Freddie Starr has been re-arrested by police probing historical allegations of sexual abuse. Scotland Yard said the latest arrest relates to a further allegation made to detectives from Operation Yewtree. Starr who was first questioned in November 2012, has denied any wrongdoing. Police said that 'Yewtree two' was further arrested after attending a police station in Warwickshire by prior appointment, before being bailed. They did not identify the entertainer by name. Following his initial arrest, Starr was re-arrested in April last year over different allegations. He is next due to return to police in February in relation to all the claims against him. Operation Yewtree is the inquiry into allegations of historical sexual abuse linked to the entertainment industry. It was launched in 2012 after it emerged the late filthy old scallywag and rotten rotter Jimmy Savile had subjected hundreds of young people and children to sexual abuse over more than five decades. The operation has three strands. One concerns Savile's disgusting crimes exclusively, while a second relates to allegations made against Savile and others in cahoots. The third strand termed 'others' concentrates on accusations which emerged as a result of the publicity surrounding Savile but which are unconnected to him, directly. The Metropolitan Police said the new allegation against Starr falls under the 'others' strand. The claims that led to his April arrest were also unconnected to Savile. The allegations made when he was first arrested fall under the 'Savile and others' strand. Last June, Starr's lawyer said the entertainer hoped to soon be able to clear his name and, in October, questioned the length of the investigation. At the time, police said the delay was the result of 'the complex nature' of the inquiry.

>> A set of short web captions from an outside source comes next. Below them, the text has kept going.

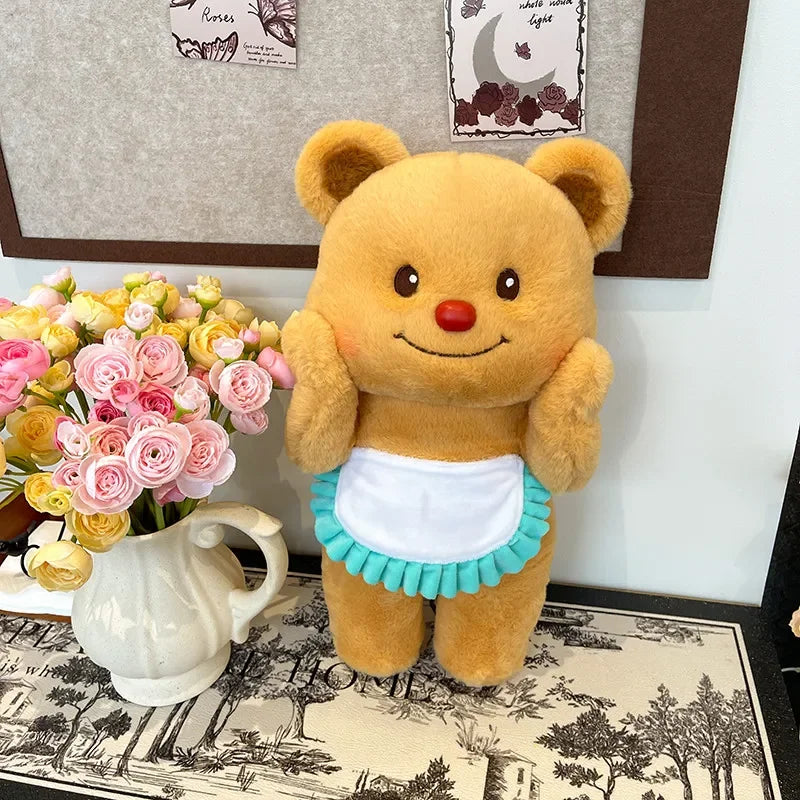 Plushie Honey Pot with Bear Stuffed Animal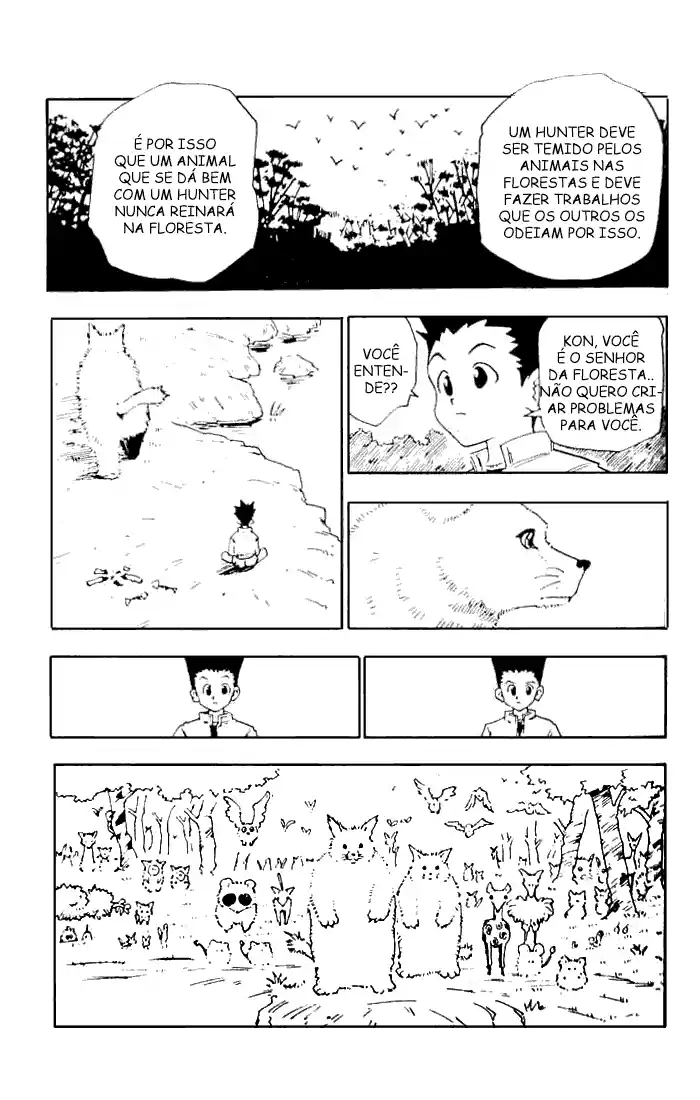 Read Hunter x Hunter PT Manga Online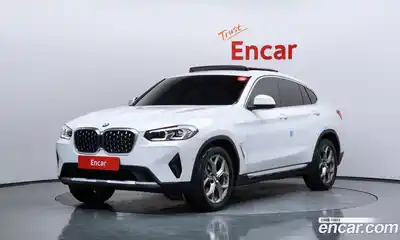BMW X4, 2022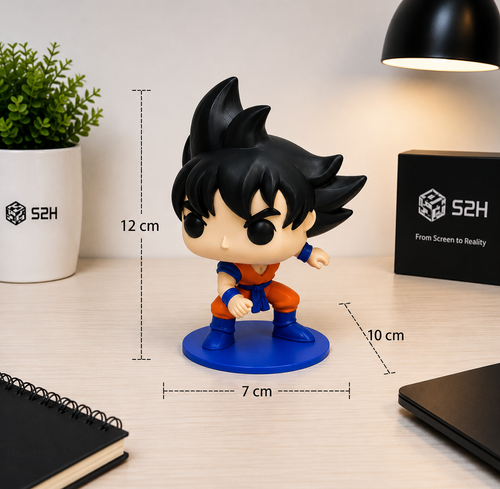 Goku — The Saiyan Warrior.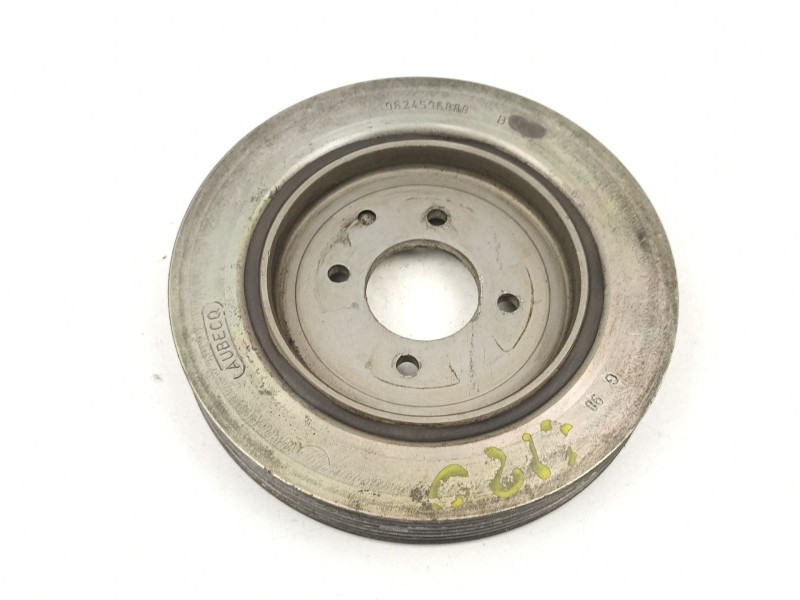 Recambio de polea cigueñal para citroën berlingo 1.9 d referencia OEM IAM 9624596880  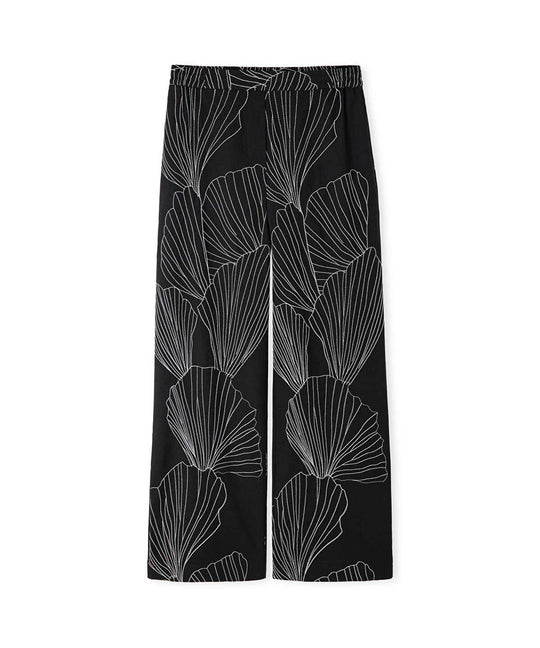 Embroidered Trousers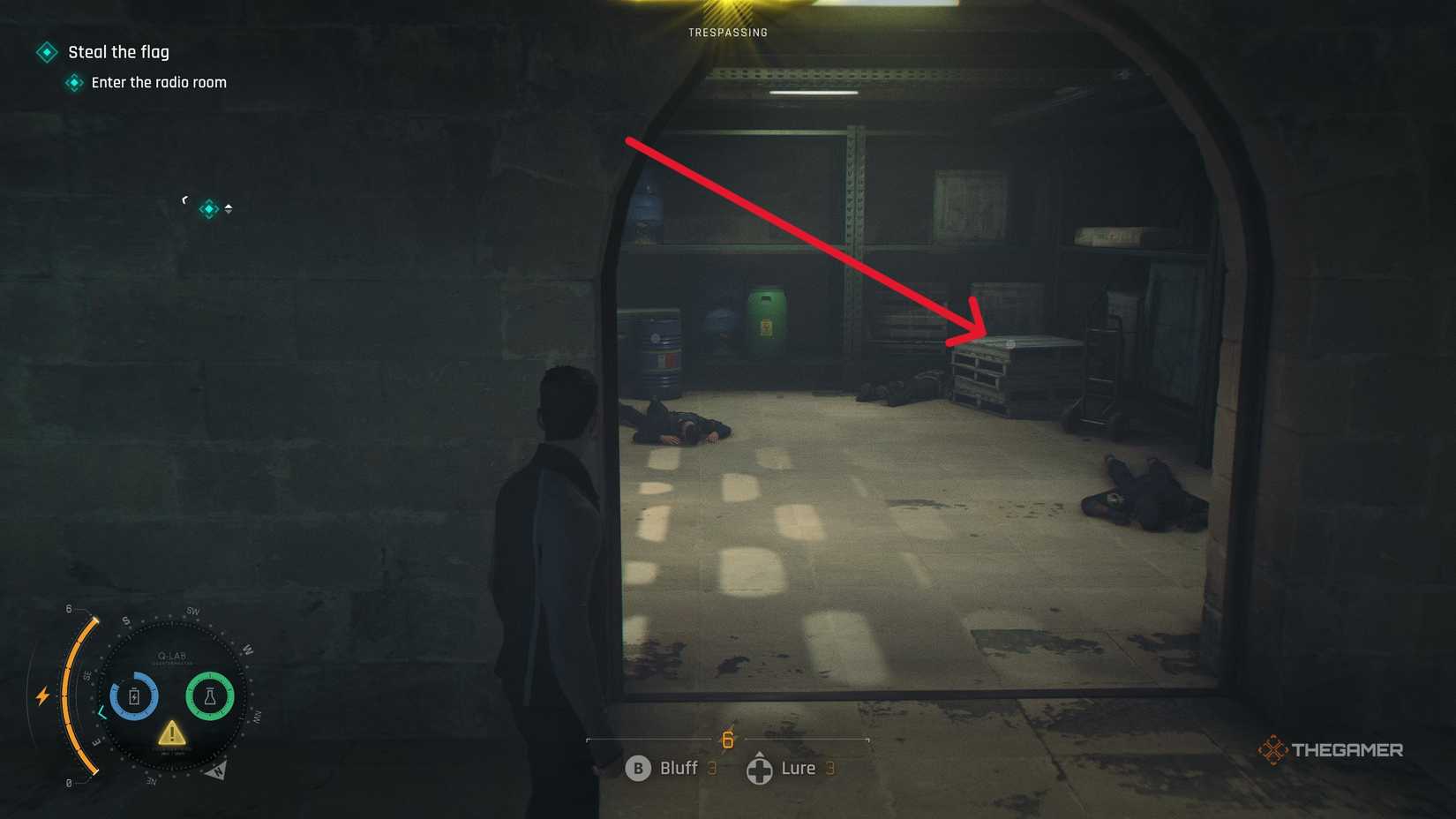A player getting all the playing cards in 007 First Light.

The comic and presenter Frank Skinner has said he turned down the job of narrating Channel Four documentary series Benefits Street. Frank told the Birmingham Mail that it was because he did not want to be 'involved in something where I'm derogatory about people from Birmingham.' Frank said that producers had told him the series 'would be about "community spirit" in a street in the city.' Some viewers of Benefit Street are said to have been 'concerned' about the alleged 'negative portrayal' of benefits claimants and the depiction of criminal activity. One sequence showed two men removing alarm tags from clothing apparently stolen from a shop. Channel Four said makers acted in a 'purely observational capacity.' Skinner, who grew up in the West Midlands, told the newspaper: 'I can imagine there would be a lot of awkward moments in the recording studio when I said "I'm not going to say that." I really don't want to be on TV criticising Birmingham.' He added that although he had not yet seen the programme 'from what I've heard I think I made the right decision.' Last week Channel Four said, in response to viewer complaints: 'At no stage was criminal behaviour encouraged or condoned. All contributors were briefed that if they carried out criminal activity on camera, this could result in criminal investigations after broadcast.' It called Benefits Street 'a fair and balanced observational documentary.' The series is filmed in James Turner Street in the Winson Green area of Birmingham. The area has a very high rate of unemployment and the street has many residents who rely on benefits for their income. Some residents who feature in programme told the BBC last week that the makers have portrayed them negatively. One said he felt 'let down' by the television production company, Love Productions, which made the series. Broadcasting watchdog Ofcom said it would assess the complaints after Benefits Street comes to an end next month, and then decide whether to launch an investigation. Birmingham police also said they have had inquiries from members of the public concerned with the criminal activity featured in the show, and that officers were assessing whether its content 'can assist us as part of any ongoing investigations, or indeed whether any new inquiries should be launched.' Some commentators have criticised Benefits Street for demonising the poorest people in society.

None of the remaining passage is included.